Nine o'clock. He has not eaten since early morning. He is wet to the skin and stiff with long sitting. But when the savoury odours of hot horse-soup and hot bean-coffee, accompanied by the clinking of crockery and tin pannikins, announce a meal in readiness, and would-be hosts come to the curtains and anxiously beg him to take food, he merely shakes his square black head and falls again to watching the unconscious face of Beauvayse. The conscious brain behind its blankly-staring eyes is thinking:
"Those paragraphs.... In black and white the thing looked damnable. And think of the gossip and tongue-wagging. Whatever they say about me ... she'll be the one to suffer. They're never so hard on ... the man!"

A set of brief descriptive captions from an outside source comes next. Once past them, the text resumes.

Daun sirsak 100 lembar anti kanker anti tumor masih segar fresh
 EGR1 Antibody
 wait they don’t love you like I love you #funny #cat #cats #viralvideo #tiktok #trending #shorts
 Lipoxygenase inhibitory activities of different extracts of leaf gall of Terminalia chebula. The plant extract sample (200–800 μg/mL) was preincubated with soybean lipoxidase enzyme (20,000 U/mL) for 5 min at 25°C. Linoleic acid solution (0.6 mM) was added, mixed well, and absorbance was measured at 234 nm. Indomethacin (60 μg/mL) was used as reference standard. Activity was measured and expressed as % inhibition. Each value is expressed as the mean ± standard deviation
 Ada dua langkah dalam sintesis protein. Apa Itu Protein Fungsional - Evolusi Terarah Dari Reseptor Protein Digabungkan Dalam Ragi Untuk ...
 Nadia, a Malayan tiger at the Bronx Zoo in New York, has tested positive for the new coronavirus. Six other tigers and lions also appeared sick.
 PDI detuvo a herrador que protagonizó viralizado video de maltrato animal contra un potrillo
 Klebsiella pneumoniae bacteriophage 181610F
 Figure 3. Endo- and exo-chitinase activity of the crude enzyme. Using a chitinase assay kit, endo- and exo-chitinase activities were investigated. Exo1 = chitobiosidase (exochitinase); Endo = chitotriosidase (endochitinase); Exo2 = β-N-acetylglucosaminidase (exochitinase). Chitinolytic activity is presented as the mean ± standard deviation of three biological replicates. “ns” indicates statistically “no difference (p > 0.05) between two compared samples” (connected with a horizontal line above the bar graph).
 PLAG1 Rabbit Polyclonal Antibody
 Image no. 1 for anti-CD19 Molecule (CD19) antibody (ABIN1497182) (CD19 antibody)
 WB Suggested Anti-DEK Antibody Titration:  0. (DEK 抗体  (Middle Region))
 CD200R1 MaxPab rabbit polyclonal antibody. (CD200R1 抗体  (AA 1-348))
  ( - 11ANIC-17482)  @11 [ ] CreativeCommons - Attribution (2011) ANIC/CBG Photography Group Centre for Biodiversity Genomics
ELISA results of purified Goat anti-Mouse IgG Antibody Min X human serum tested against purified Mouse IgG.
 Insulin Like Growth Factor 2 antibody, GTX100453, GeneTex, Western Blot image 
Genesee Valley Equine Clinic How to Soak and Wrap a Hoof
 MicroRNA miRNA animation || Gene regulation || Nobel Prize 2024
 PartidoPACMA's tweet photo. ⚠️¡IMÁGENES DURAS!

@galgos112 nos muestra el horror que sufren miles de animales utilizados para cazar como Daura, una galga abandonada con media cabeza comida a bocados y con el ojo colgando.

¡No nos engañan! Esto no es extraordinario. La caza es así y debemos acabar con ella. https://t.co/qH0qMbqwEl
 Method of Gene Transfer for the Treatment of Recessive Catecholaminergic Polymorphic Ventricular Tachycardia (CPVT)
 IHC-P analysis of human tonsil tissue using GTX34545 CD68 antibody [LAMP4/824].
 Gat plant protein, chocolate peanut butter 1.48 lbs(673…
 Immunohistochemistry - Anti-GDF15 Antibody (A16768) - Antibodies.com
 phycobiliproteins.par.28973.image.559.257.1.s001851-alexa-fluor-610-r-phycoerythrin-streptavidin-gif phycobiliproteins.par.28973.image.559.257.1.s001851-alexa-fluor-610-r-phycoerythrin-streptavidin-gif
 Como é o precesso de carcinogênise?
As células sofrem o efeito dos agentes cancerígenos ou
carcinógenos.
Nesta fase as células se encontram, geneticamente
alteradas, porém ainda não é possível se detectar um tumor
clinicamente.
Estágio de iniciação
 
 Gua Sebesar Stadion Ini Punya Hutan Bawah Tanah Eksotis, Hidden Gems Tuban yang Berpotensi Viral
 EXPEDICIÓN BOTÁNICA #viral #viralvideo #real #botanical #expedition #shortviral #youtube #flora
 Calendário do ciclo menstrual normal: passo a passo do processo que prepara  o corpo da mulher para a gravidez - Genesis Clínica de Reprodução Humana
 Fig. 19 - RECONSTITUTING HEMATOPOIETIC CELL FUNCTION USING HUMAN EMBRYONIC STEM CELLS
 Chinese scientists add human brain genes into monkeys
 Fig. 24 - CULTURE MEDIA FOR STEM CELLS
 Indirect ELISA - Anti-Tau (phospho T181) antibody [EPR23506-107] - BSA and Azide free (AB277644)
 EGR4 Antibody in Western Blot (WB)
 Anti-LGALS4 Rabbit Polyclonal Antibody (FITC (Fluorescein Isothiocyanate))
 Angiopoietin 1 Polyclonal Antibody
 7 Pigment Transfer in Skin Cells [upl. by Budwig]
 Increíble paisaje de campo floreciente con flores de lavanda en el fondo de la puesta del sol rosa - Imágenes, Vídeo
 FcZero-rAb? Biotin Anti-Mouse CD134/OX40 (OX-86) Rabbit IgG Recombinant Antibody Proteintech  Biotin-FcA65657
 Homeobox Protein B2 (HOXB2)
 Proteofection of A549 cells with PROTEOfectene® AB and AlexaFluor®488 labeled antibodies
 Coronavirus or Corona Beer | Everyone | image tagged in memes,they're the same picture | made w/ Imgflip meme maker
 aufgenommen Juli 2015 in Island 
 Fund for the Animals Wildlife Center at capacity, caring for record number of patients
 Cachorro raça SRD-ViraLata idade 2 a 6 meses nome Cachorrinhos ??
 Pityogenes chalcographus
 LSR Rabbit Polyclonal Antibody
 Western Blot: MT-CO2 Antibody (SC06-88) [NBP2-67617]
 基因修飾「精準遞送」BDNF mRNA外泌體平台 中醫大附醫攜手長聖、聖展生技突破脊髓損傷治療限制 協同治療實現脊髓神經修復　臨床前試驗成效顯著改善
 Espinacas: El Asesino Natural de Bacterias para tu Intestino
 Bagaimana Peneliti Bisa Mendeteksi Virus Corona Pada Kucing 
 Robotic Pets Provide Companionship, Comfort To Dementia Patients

He has uttered these last words audibly; they pierce to the heart's core of the mute, impassive watcher. Strong antipathy is as clairvoyant as strong sympathy, and with a leap of understanding, and a fresh surge of fierce resentment, Saxham acknowledges the deadly truth contained in those few halting words. She will be the one to suffer. Beside the martyrdom inevitably to be endured by the white saint, the agony of the sinner's death-bed pales and dwindles. There is a savage struggle once again between Saxham the man and Saxham the surgeon beside the bed of death.